* Information supplied *
========================

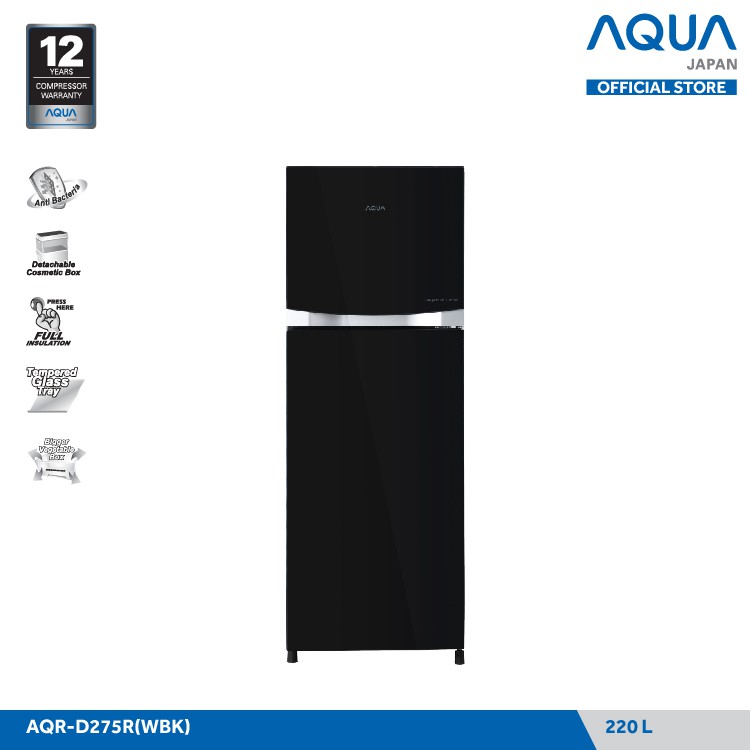 AQUA JAPAN Kulkas 2 Pintu Inverter AQR-D275R Glass Door 223 Liter FREE ONGKIR (JABODETABEK)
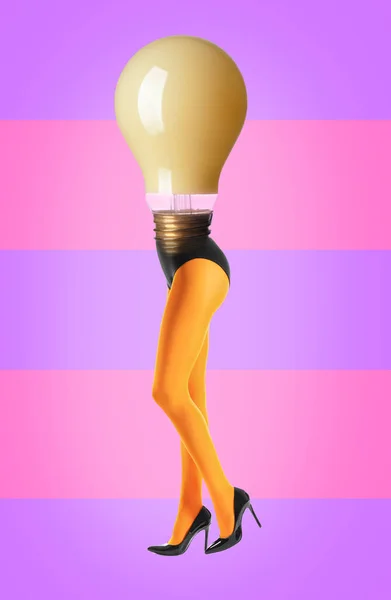 Light bulb with female body on color background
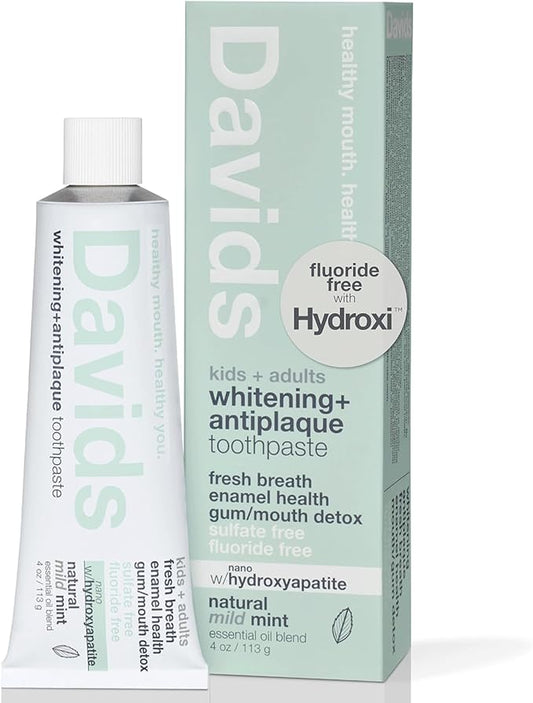 Davids Hydroxi Mild Mint Fluoride Free Nano Hydroxyapatite Toothpaste for Enamel Health & Whitening, Antiplaque, SLS Free, Kid Friendly Gentle Mint Flavor, 4 oz, Made in USA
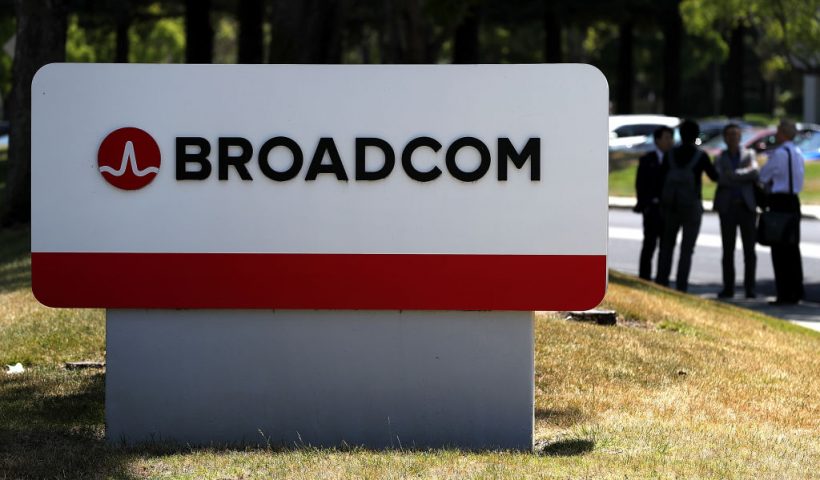 SAN JOSE, CA - JUNE 07: Signage is displayed outside the Broadcom offices on June 7, 2018 in San Jose, California. Broadcom is expected to report second-quarter earnings today after the closing bell. (Photo by Justin Sullivan/Getty Images)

========================

* Work task *
Find the line containing "Davids Hydroxi Mild" in the listing above. Please restate word for word that line through the last one, leaving out the pictures.

* Written response *
 Davids Hydroxi Mild Mint Fluoride Free Nano Hydroxyapatite Toothpaste for Enamel Health & Whitening, Antiplaque, SLS Free, Kid Friendly Gentle Mint Flavor, 4 oz, Made in USA
 SAN JOSE, CA - JUNE 07: Signage is displayed outside the Broadcom offices on June 7, 2018 in San Jose, California. Broadcom is expected to report second-quarter earnings today after the closing bell. (Photo by Justin Sullivan/Getty Images)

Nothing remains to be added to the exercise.